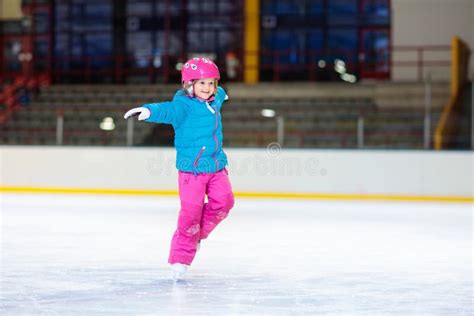 bambini che pattinano allegramente sulla pista di ghiaccio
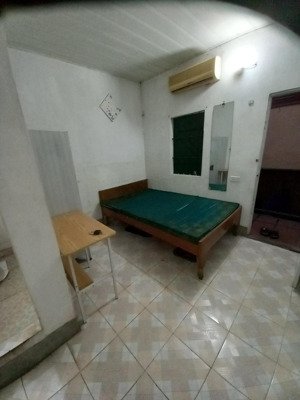 có phòng trọ khép kín chỗ thuê tại 9/132/36 đường cầu giấy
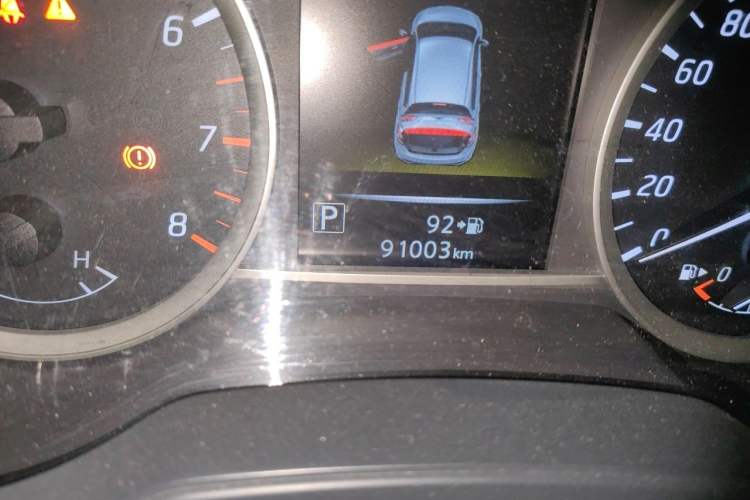 Used Nissan Tiida 2021 1.6L CVT Smart Drive Edition Odometer Close Up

####

What you should do:
The listing above is to be set down word for word, without its images.

Task answer:
 bambini che pattinano allegramente sulla pista di ghiaccio
 có phòng trọ khép kín chỗ thuê tại 9/132/36 đường cầu giấy
 Used Nissan Tiida 2021 1.6L CVT Smart Drive Edition Odometer Close Up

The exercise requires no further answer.